LEON KRAUZE/ EDUCACIONCONTRACORRIENTE.ORG
Se acabó el suspenso. La decisión del Tribunal Electoral le ha dado luz verde a la Presidencia de Enrique Peña Nieto. El PRI regresará a Los Pinos y la sociedad mexicana entera (comenzando por las corrientes de oposición, en particular la izquierda) tendrá la obligación de poner al nuevo presidente, su equipo y sus propuestas, bajo el más riguroso microscopio. En México, la mecha de la indignación es corta… y debe seguirlo siendo. Es imposible exagerar el riesgo de que el PRI incurra una vez más en sus viejos, prehistóricos, abusos y costumbres. El ogro tendrá que demostrar que ha aprendido a embridar sus peores pasiones. Si, en un acto suicida, opta por lo contrario, la opinión pública deberá usar las herramientas de la democracia —que no son pocas ni ineficaces, aunque algunos quieran creer lo contrario— para ponerle los más severos límites. El PRI podrá haber ganado la Presidencia, pero está muy lejos de ganarse la redención histórica.
Pero así como el PRI tendrá que definir hacia dónde pretende caminar ahora que ha vuelto al poder, las otras fuerzas políticas están obligadas a hacer lo propio. El desenlace de 2012, por ejemplo, lleva al PRD y a esa caótica coalición de fuerzas que forman la izquierda mexicana al momento de la verdad. Durante seis años la izquierda postergó su encuentro con el espejo. Con el pretexto de una supuesta simbiosis, las distintas fuerzas progresistas evitaron una separación que, para muchos, no solo era impostergable sino necesaria. Durante el sexenio que termina, el famoso divorcio de las distintas fracciones perredistas se volvió un lugar común: “son como un matrimonio que ya duerme en camas separadas”, les oí decir muchas veces a colegas analistas. “Tarde o temprano se van a divorciar”. Como sabemos, el matrimonio de izquierda aguantó, sin mayores muestras de factura, seis años. Pero ello no implica que aquel lugar común no tuviera mucho de cierto.

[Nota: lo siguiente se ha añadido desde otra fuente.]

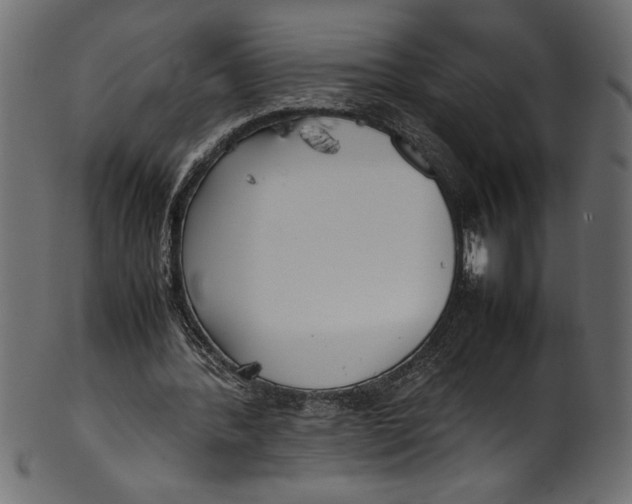 X0000101220388200807181556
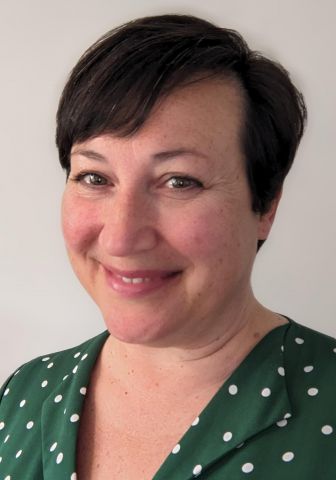 Lorraine Golding - Registered Counsellor Lorraine Golding - Registered Counsellor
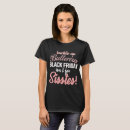 Recherche de blackfriday tshirts Mode
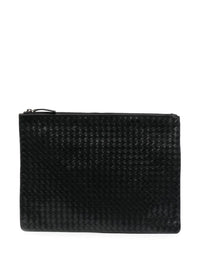 DRAGON DIFFUSION A4 POCHETTE
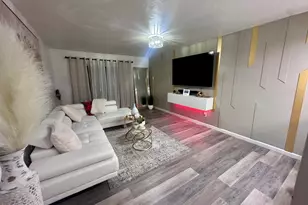 4730 N Northern Ave, Glendale, AZ 85301 - Photo 1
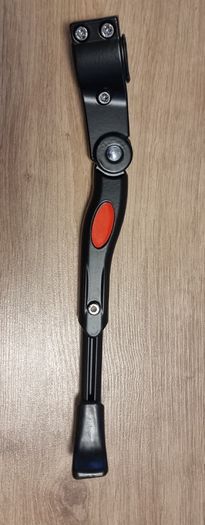 Bike Kickstand 16-24" Kids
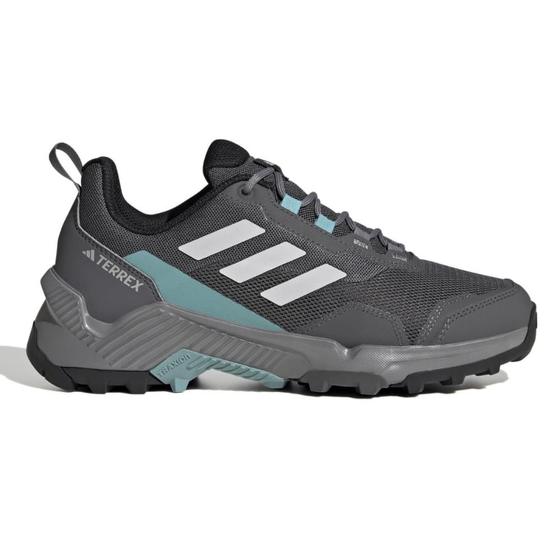 Imagem de Tênis Adidas Terrex Eastrail 2 Feminino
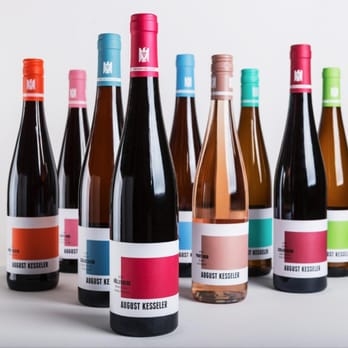 Bottles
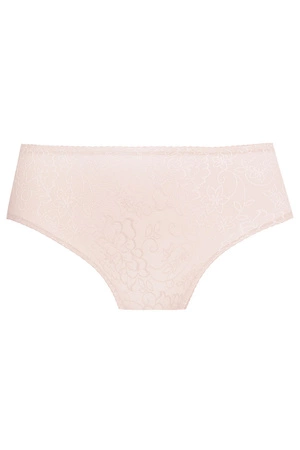 Unikat Bona Majtki figi, beż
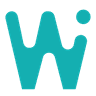 Wizer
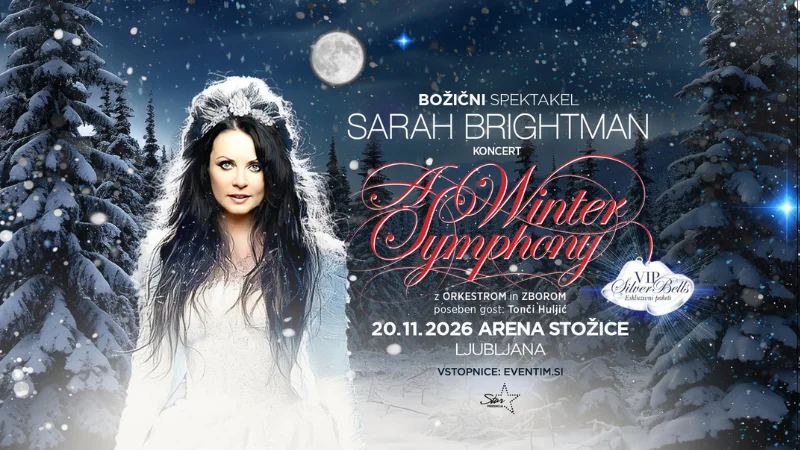 sarah-brightman-ljubljana-2026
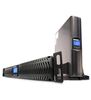 Enterprise-Plus-LCD-3000VA-Ext-Runtime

En los últimos años he tenido la oportunidad de hablar, en público y en privado, con muchos hombres y mujeres de izquierda. He podido escucharlos y verlos, “on y off the record”, en casi todas las circunstancias imaginables. Y lo cierto es que las diferencias dentro de la izquierda son enormes. Sin revelar nombres ni detalles, puedo compartir que fui testigo del hartazgo, molestia e incluso desesperación que el cacicazgo lopezobradorista provocaba en muchas voces admirables de la izquierda mexicana. Yo los vi dar golpes en la mesa, los escuché alzar la voz. Nadie me lo cuenta.
Para los hombres y mujeres de izquierda que han querido distanciarse de López Obrador, el momento finalmente ha llegado. No se trata de abandonar los ideales de la izquierda. Mucho menos de refugiarse en la abstracción de los adjetivos fáciles. No hay que etiquetarse de “moderno” o de “vanguardia”. Se trata, en cambio, de poner un hasta aquí, de trazar una línea en el camino para tratar de construir un discurso que apele a millones de votantes que comulgan con la agenda social progresista, creen en la importancia capital de la reducción de la desigualdad y la pobreza (por las mejores vías, no el asistencialismo que muchas veces las perpetúa) y se ilusionan con un México libre de ataduras anacrónicas (como si hubiera otras…).
Marcelo Ebrard debe poner el ejemplo. Pero no debe ser, ni de lejos, el único. Hay muchos otros que han resistido años de silencio, supeditados al proyecto personalista de un líder, de un caudillo. Hoy, el hombre que ha encabezado durante una década ese proyecto debe dejar su sitio a la siguiente generación. Si se niega a hacerlo, sus discípulos tendrían que darle la espalda, echarse al hombro lo suyo y animarse a comenzar una nueva senda. Lo merecen ellos y lo merecemos nosotros.